Your objective -> Write down the listing again exactly as it appears below, without its pictures.

Given data ->
>>
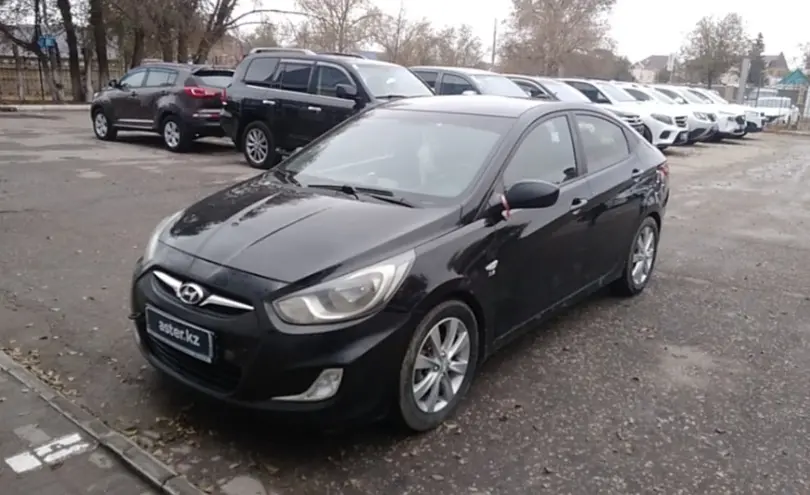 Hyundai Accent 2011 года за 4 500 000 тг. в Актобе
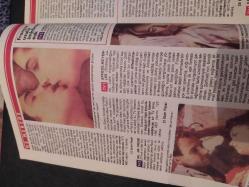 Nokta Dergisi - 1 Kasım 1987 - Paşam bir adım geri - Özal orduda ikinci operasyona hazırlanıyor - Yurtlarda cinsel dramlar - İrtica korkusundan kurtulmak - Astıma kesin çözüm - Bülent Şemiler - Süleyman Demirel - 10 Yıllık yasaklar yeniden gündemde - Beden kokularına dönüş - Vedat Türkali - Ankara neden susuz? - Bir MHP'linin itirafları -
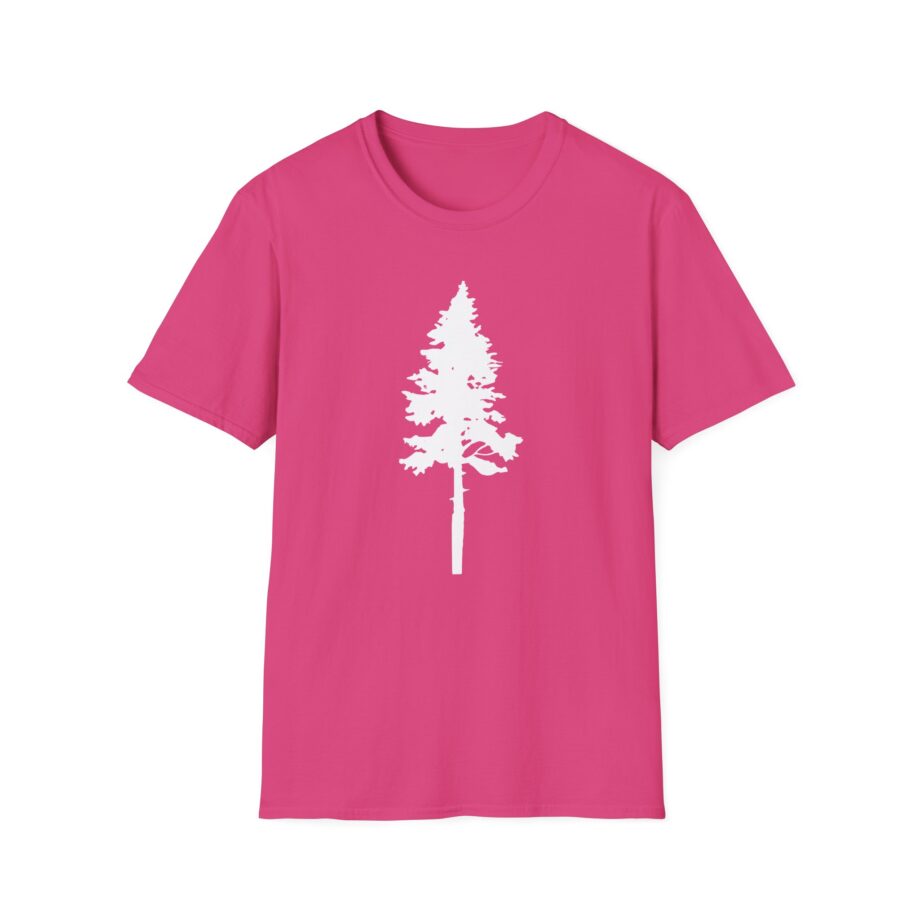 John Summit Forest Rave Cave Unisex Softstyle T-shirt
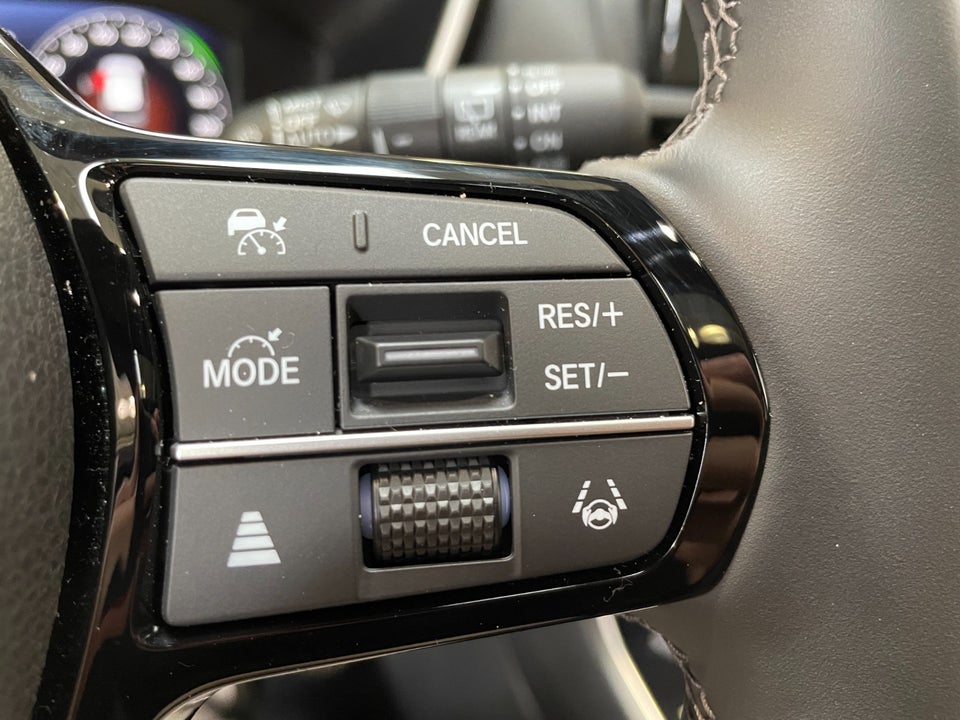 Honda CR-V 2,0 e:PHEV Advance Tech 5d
<<
Task solution ->
 Hyundai Accent 2011 года за 4 500 000 тг. в Актобе
 Nokta Dergisi - 1 Kasım 1987 - Paşam bir adım geri - Özal orduda ikinci operasyona hazırlanıyor - Yurtlarda cinsel dramlar - İrtica korkusundan kurtulmak - Astıma kesin çözüm - Bülent Şemiler - Süleyman Demirel - 10 Yıllık yasaklar yeniden gündemde - Beden kokularına dönüş - Vedat Türkali - Ankara neden susuz? - Bir MHP'linin itirafları -
 John Summit Forest Rave Cave Unisex Softstyle T-shirt
 Honda CR-V 2,0 e:PHEV Advance Tech 5d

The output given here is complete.